● What to produce
A faithful copy of the data, pictures omitted, is the required answer.

Information supplied START

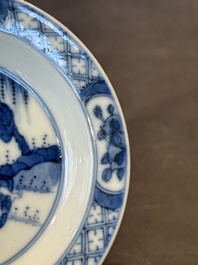 A Chinese blue and white 'erotic' cup and saucer, Kangxi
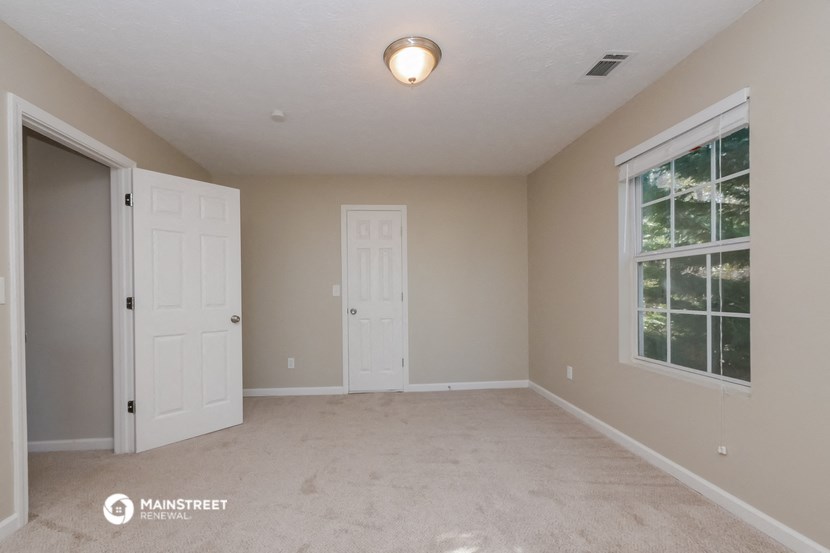 the spacious living room with two doors to the closet and a window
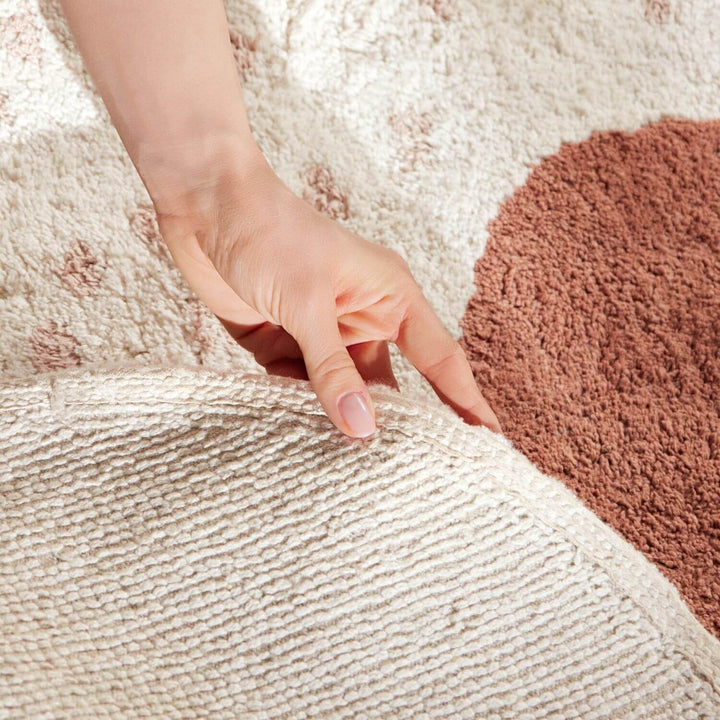 Hand touching a textured beige and brown rug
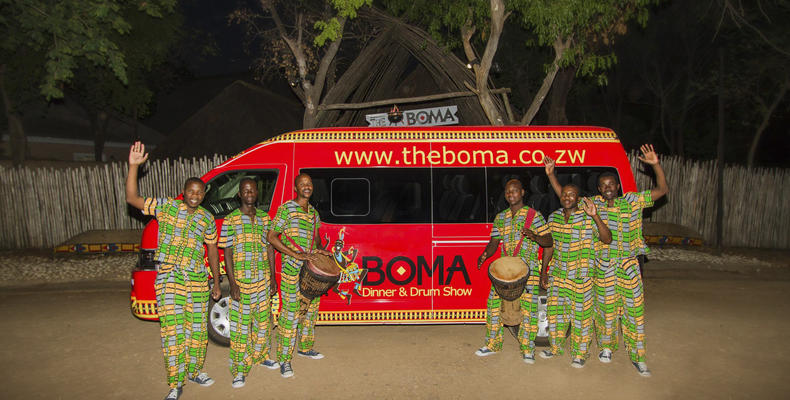 The Boma bus and the drummers at The Boma - Dinner & Drum Show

Information supplied END

● Result of the exercise
 A Chinese blue and white 'erotic' cup and saucer, Kangxi
 the spacious living room with two doors to the closet and a window
 Hand touching a textured beige and brown rug
 The Boma bus and the drummers at The Boma - Dinner & Drum Show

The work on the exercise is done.